◆ EXERCISE OBJECTIVE ◆
Transcribe only the stretch of lines that opens with the line containing "GSM/GPRS/GPS Shield for" and closes with the last line of the listing, skipping pictures.

◆ DATA RECORDS ◆
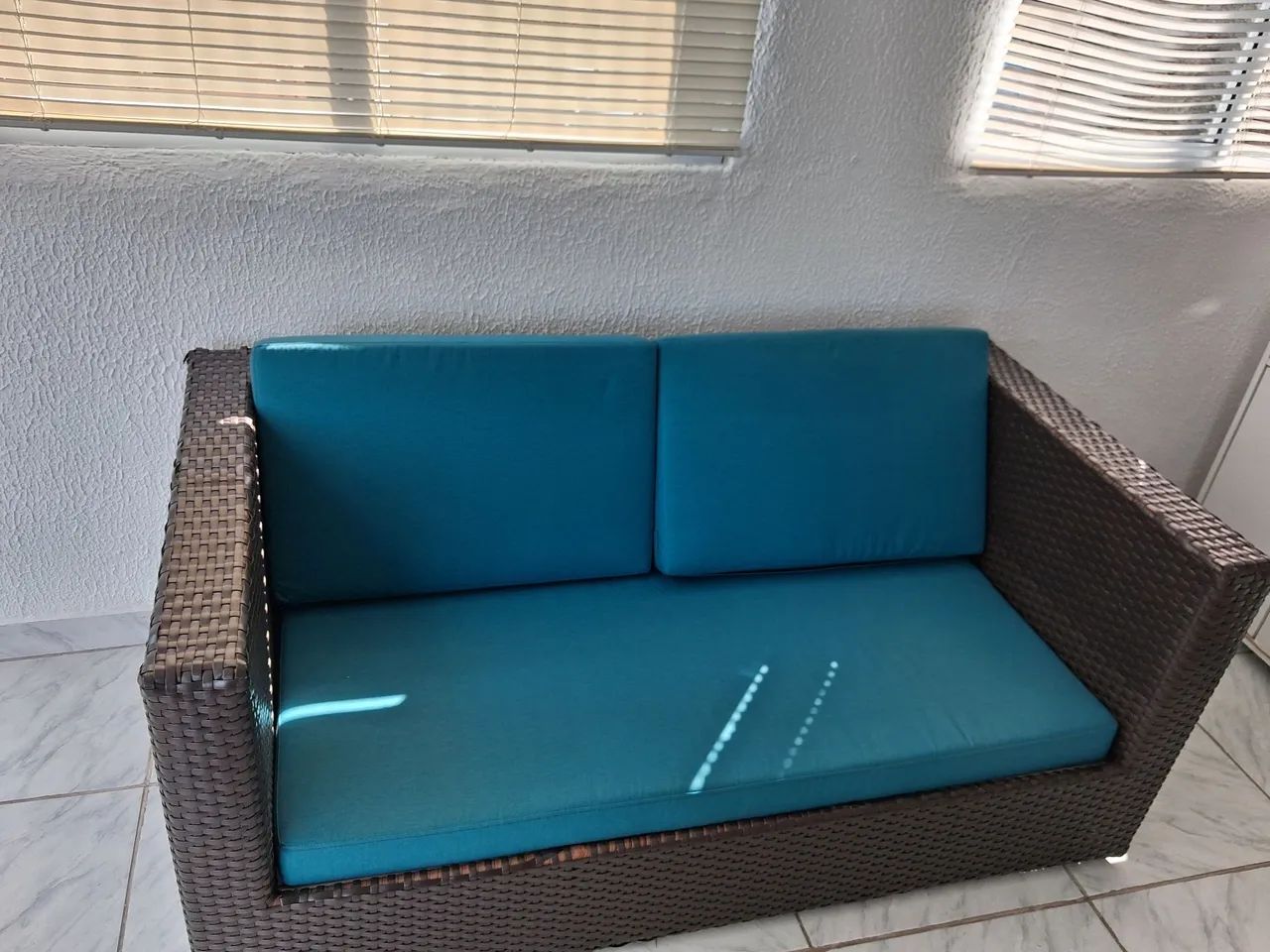 Sofá 2 lugares  - Foto 3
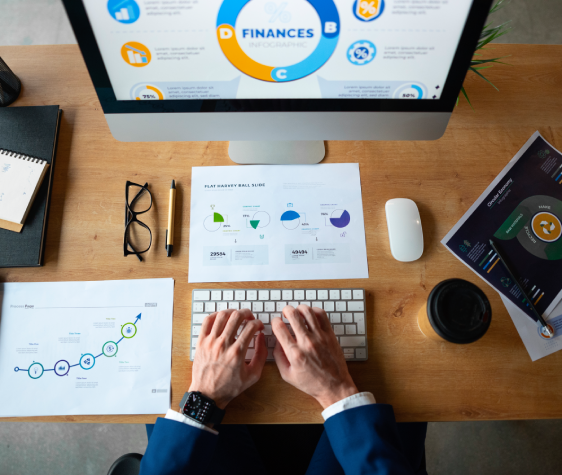 Revenue Cycle Management (RCM)​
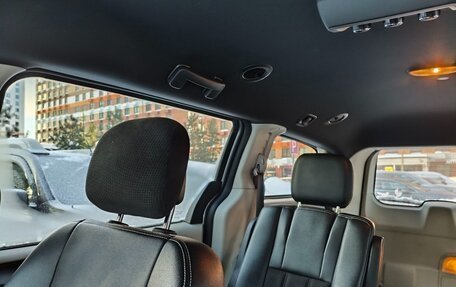 Dodge Caravan V, 2020 год, 2 400 000 рублей, 4 фотография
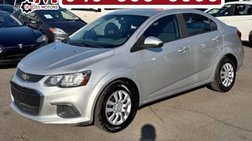2018 Chevrolet Sonic LS Auto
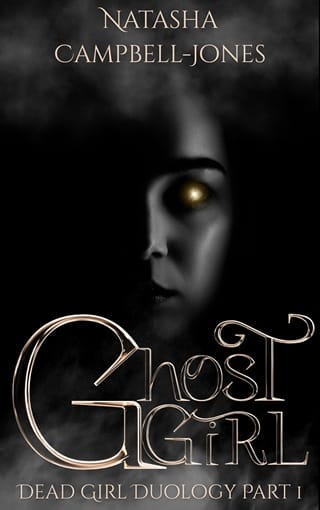 Ghost Girl (Dead Girl Duology #1)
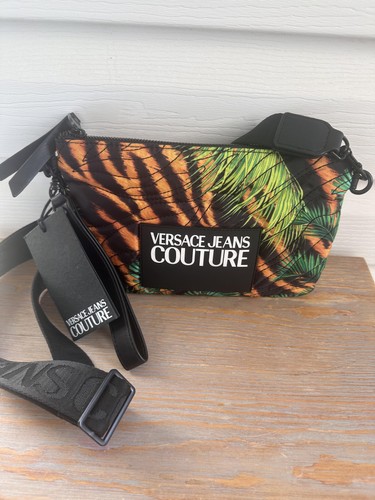 Versace jeans couture borsa - versace,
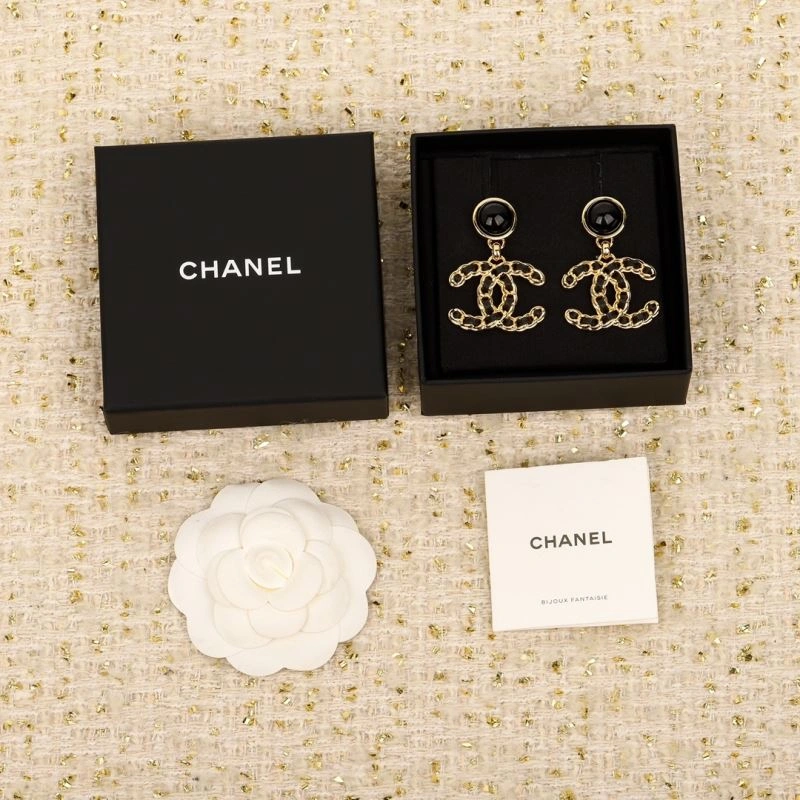 Chanel Earrings SoftTouch 225887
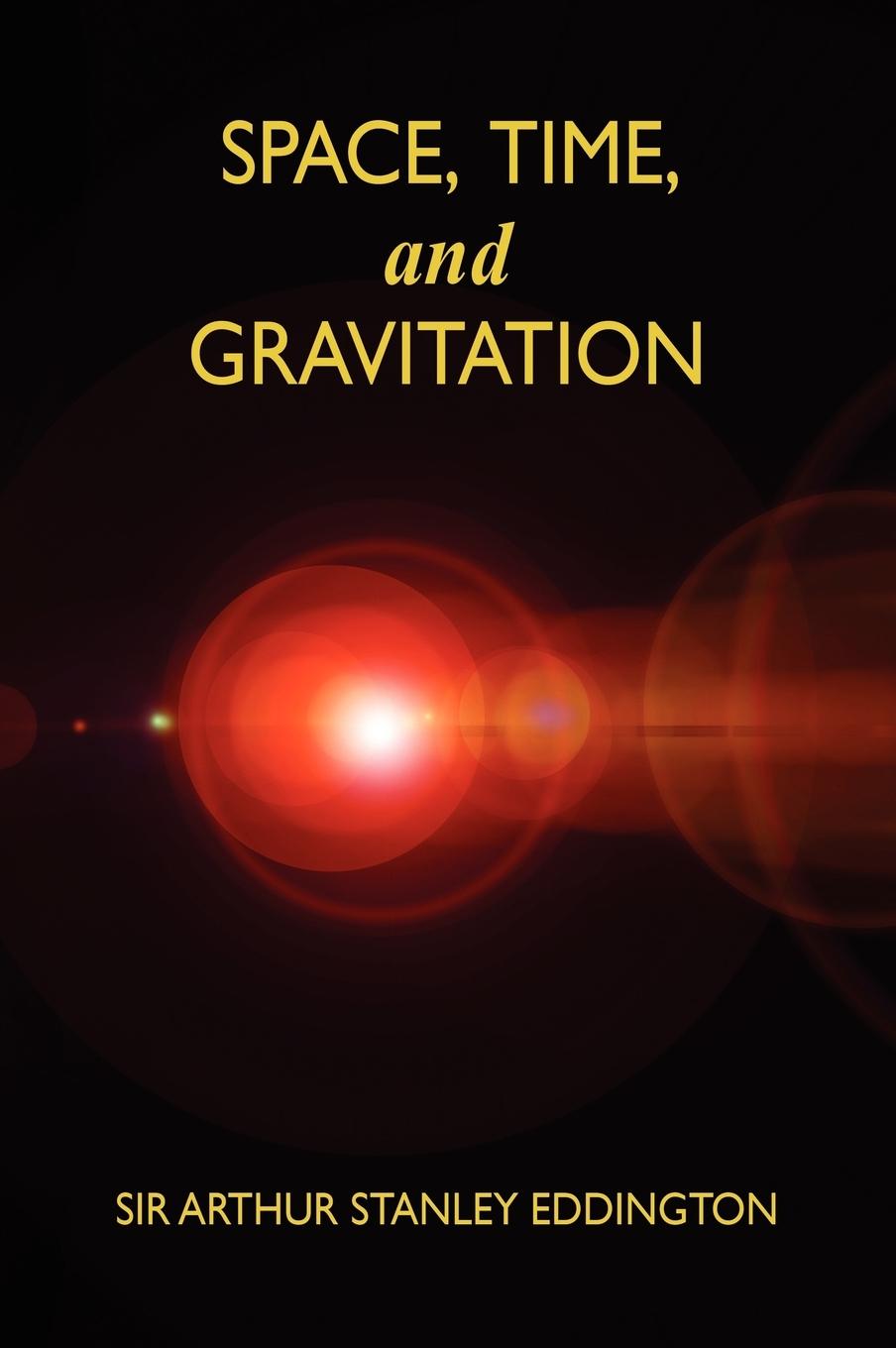 Vorderes Coverbild Space, Time, and Gravitation
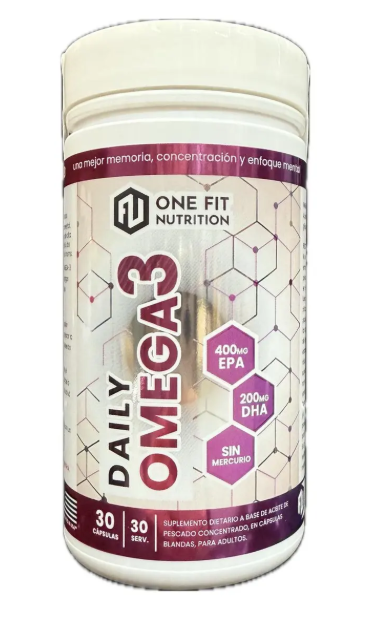 ONE FIT OMEGA 3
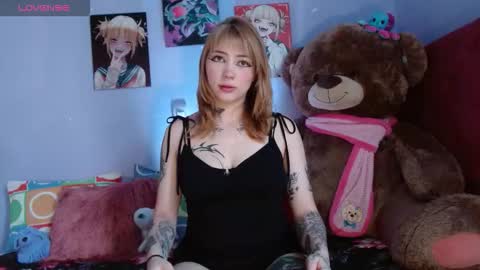 Himiiko online show from November 7, 8:03 pm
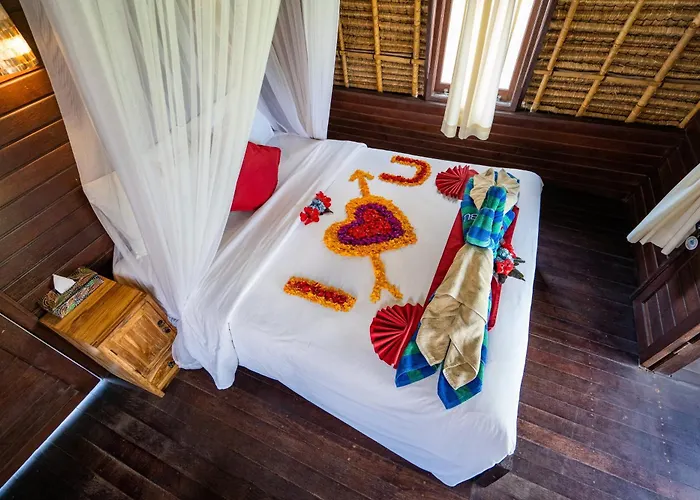 Holiday park Dream Beach Kubu & Spa By Abm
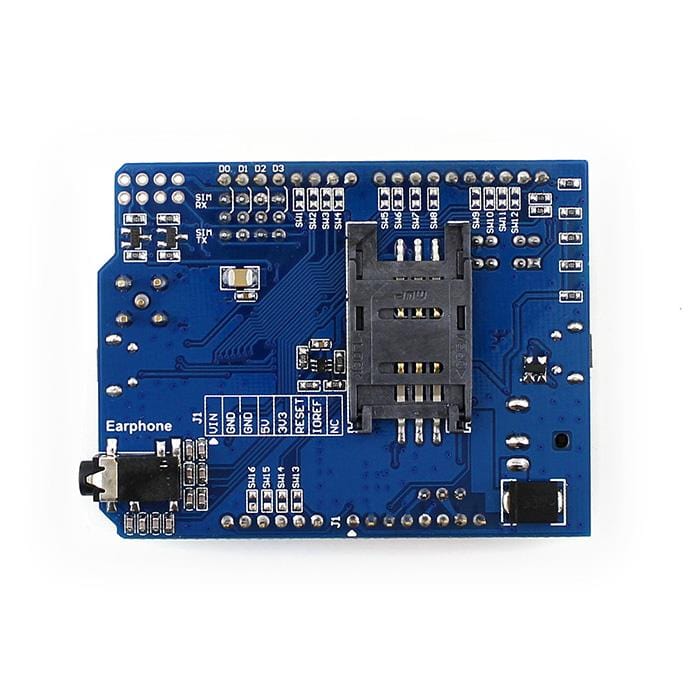 GSM/GPRS/GPS Shield for Arduino [Discontinued] - Image 4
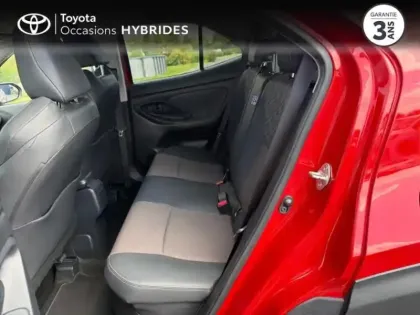 Photo 11 Toyota Yaris  Cross 116h Collection MY21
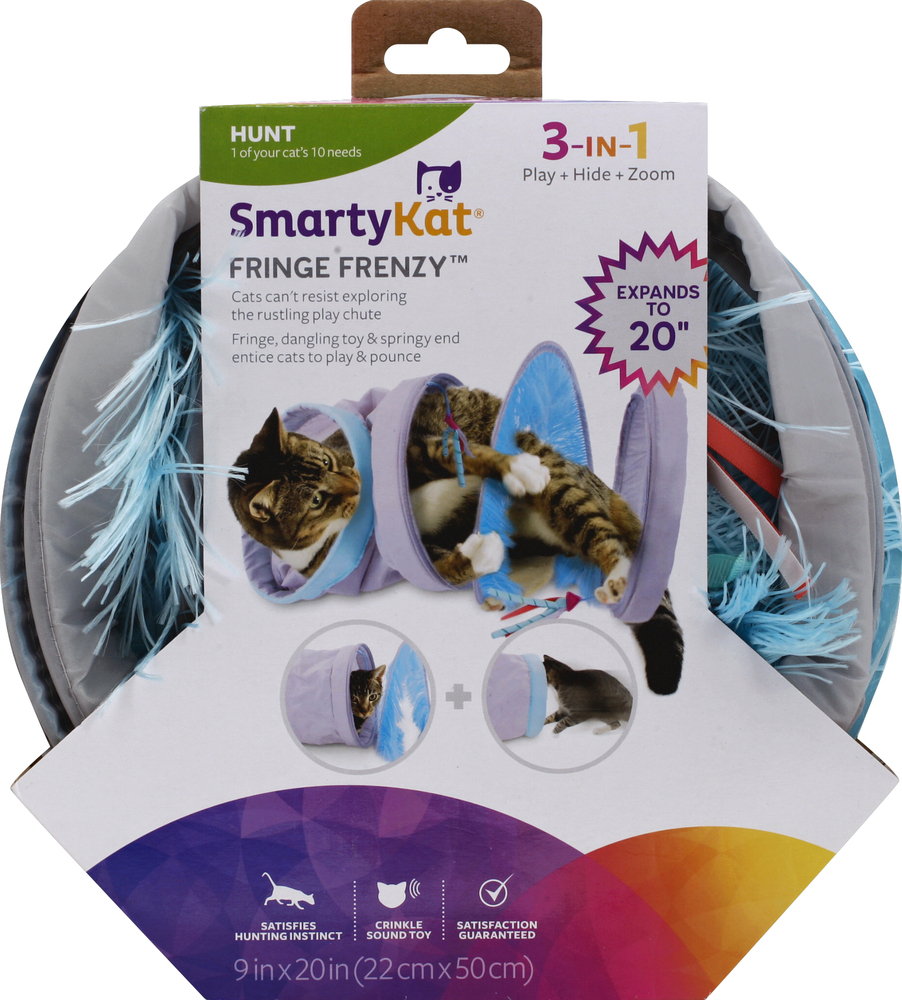 SmartyKat Finger Frenzy, 3 in 1-Main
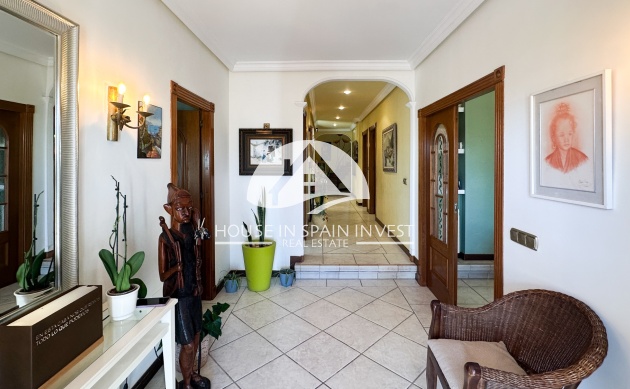 Herverkoop - Villa - Torrevieja - La Mata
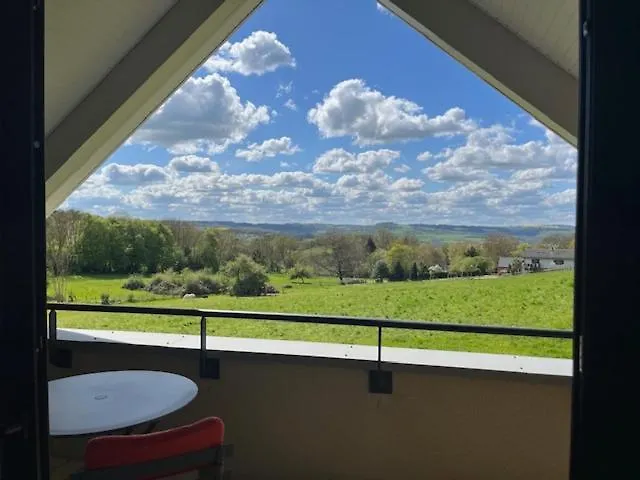 Domaine De La Belle Verte Le Bo (Calvados)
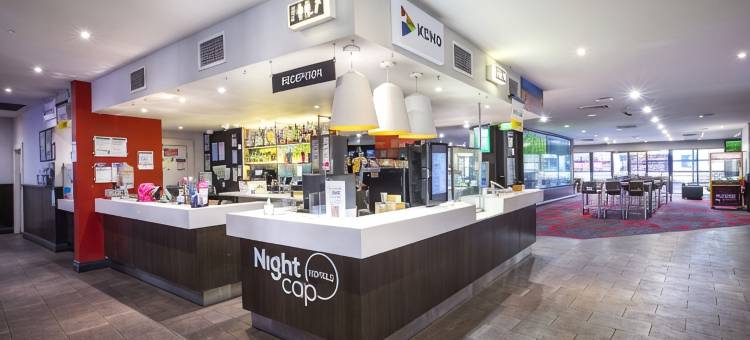 阿什利睡帽酒店(Nightcap at Ashley Hotel)图片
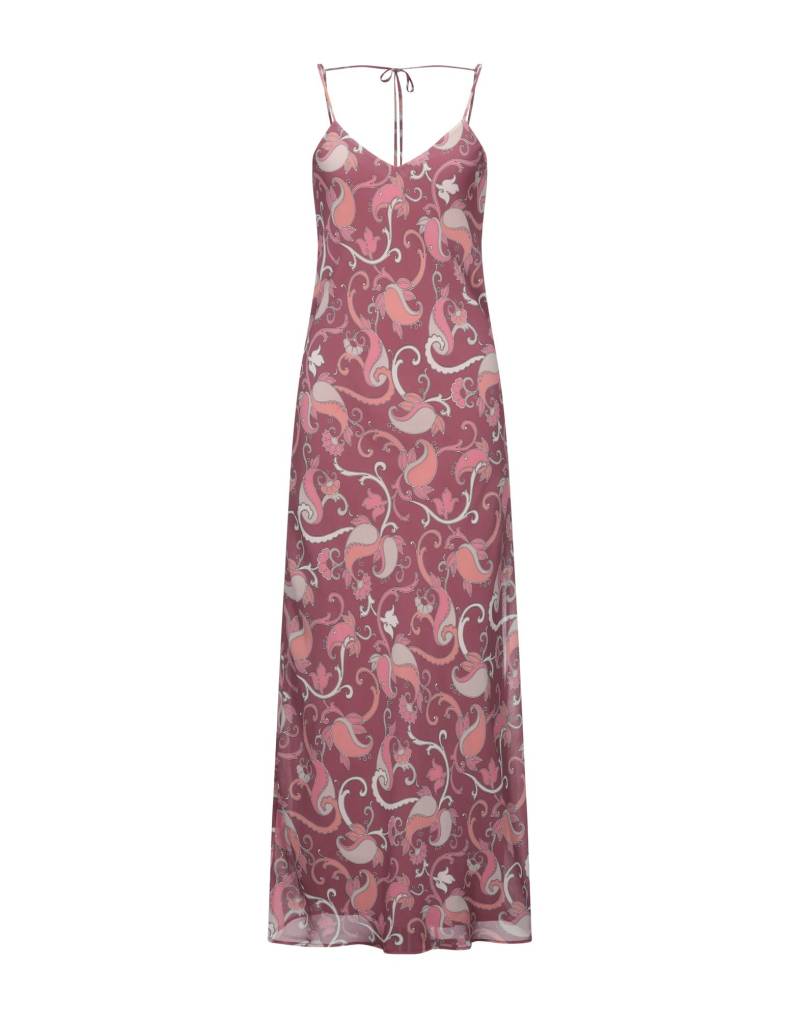 ATOS LOMBARDINI Maxi-kleid Damen Antikrosa von ATOS LOMBARDINI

◆ SOLUTION TO THIS PROBLEM ◆
 GSM/GPRS/GPS Shield for Arduino [Discontinued] - Image 4
 Photo 11 Toyota Yaris  Cross 116h Collection MY21
 SmartyKat Finger Frenzy, 3 in 1-Main
 Herverkoop - Villa - Torrevieja - La Mata
 Domaine De La Belle Verte Le Bo (Calvados)
 阿什利睡帽酒店(Nightcap at Ashley Hotel)图片
 ATOS LOMBARDINI Maxi-kleid Damen Antikrosa von ATOS LOMBARDINI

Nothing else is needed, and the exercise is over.